Support from legislators was not instant. Last week, several Republicans said raising the severance tax might slow investment in the Fayetteville Shale play, which a recent University of Arkansas study projected will have a nearly $18 billion economic impact on the state through 2012, including about 11,000 new jobs.

A hypothetical 5 percent severance tax without reductions or exemptions would prompt gas companies to diminish their investments by an average of 13 percent, the study found.

"I'm a no vote," Rep. Rick Green, R-Van Buren, said Friday, noting his constituents had told him overwhelmingly they opposed the measure. "With the economic climate that's out there, I don't think it's a good time to be looking at any sort of tax increase."

Some GOP lawmakers also criticized the governor for discouraging any changes to his proposal and said the extra revenue a tax hike would generate should be distributed differently. Beebe wants the bulk of the revenue to go to road improvements.

But after learning Thursday from the Bureau of Legislative Research that the overall effective tax rate, calculated after factoring in reductions and exemptions, would be 1.5 percent for the first two years of the tax, some legislators' only opposition to the proposal was that it did not raise the tax enough.

"I think that 5 percent right straight across the board (without exemptions) would pass," Rep. Junior Rogers, D-Walnut Ridge, said Friday, noting that he had committed to supporting the proposal anyway.

"There's a proposed 7 percent to be put on the ballot, and I'm not sure that wouldn't pass," Rogers said, referring to a ballot initiative by former gas executive Sheffield Nelson, who has said he will abandon his measure if Beebe's proposal passes.

The consensus among legislators and administrative officials Thursday at a joint meeting of the House and Senate revenue and tax committees appeared to be that changing the reductions and exemptions or the rates later would require a three-fourths vote of both the House and Senate.

The legislation was intentionally drafted that way, Beebe said Friday.

"I don't want to trick anybody. We didn't want to do something and then somehow trick somebody and say, 'Well we can raise it on you or change it on you with 51 percent.'"
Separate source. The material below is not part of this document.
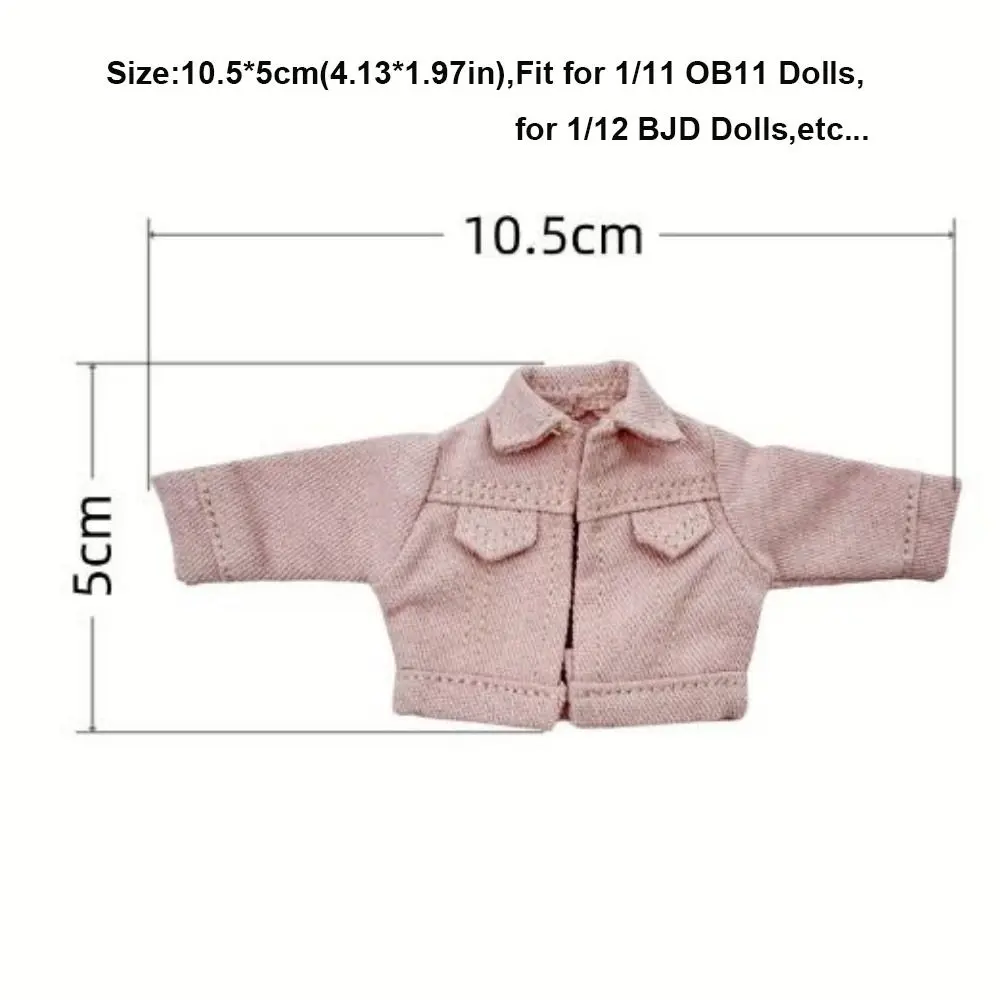 Roupas de boneca em 6 cores, casaco jeans, mini boneca fofa, acessórios de boneca, brinquedos para bonecas obitsu11, 1/12 bonecas bjd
As proposed, the tax would generate about $57 million for the state in the first year, gradually increasing and reaching the $100 million mark by 2013, according to conservative estimates from the state Department of Finance and Administration.

Of the revenue generated, 95 percent would go to road improvements. Of that, 70 percent would go to state highways, and counties and cities would receive 15 percent each.
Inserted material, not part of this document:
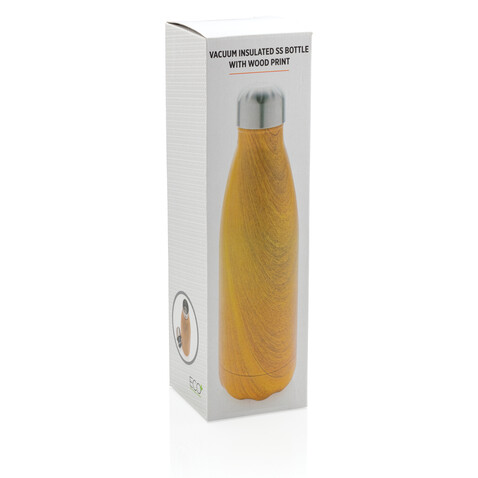 Vakuumisolierte Stainless Steel Flasche mit Holzoptik gelb bedrucken, Art.-Nr. P436.486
The remaining 5 percent would go to general revenue to replace the current tax, which amounted to less than $700,000 last year, and to fund environmental and conservation needs, Beebe said.

Beebe said he hoped the special session would last the shortest requisite length of time to pass legislation - three days - to minimize the cost to taxpayers.

The severance tax proposal was the only item on the governor's call for a special session. Beebe said he might amend the call to include technical changes to Arkansas' marriage-age law and legislation regarding the unitary status of two Pulaski County school districts should enough legislators indicate a desire to do so.

Last year, in an attempt to set a uniform age of consent to marry in Arkansas, the Legislature inadvertently made it possible for persons of any age to marry with parental consent.

Proposed legislation would extend the deadline for the North Little Rock and Pulaski County school districts to seek unitary status. The Little Rock School District was largely released from federal court supervision of its desegregation program last year.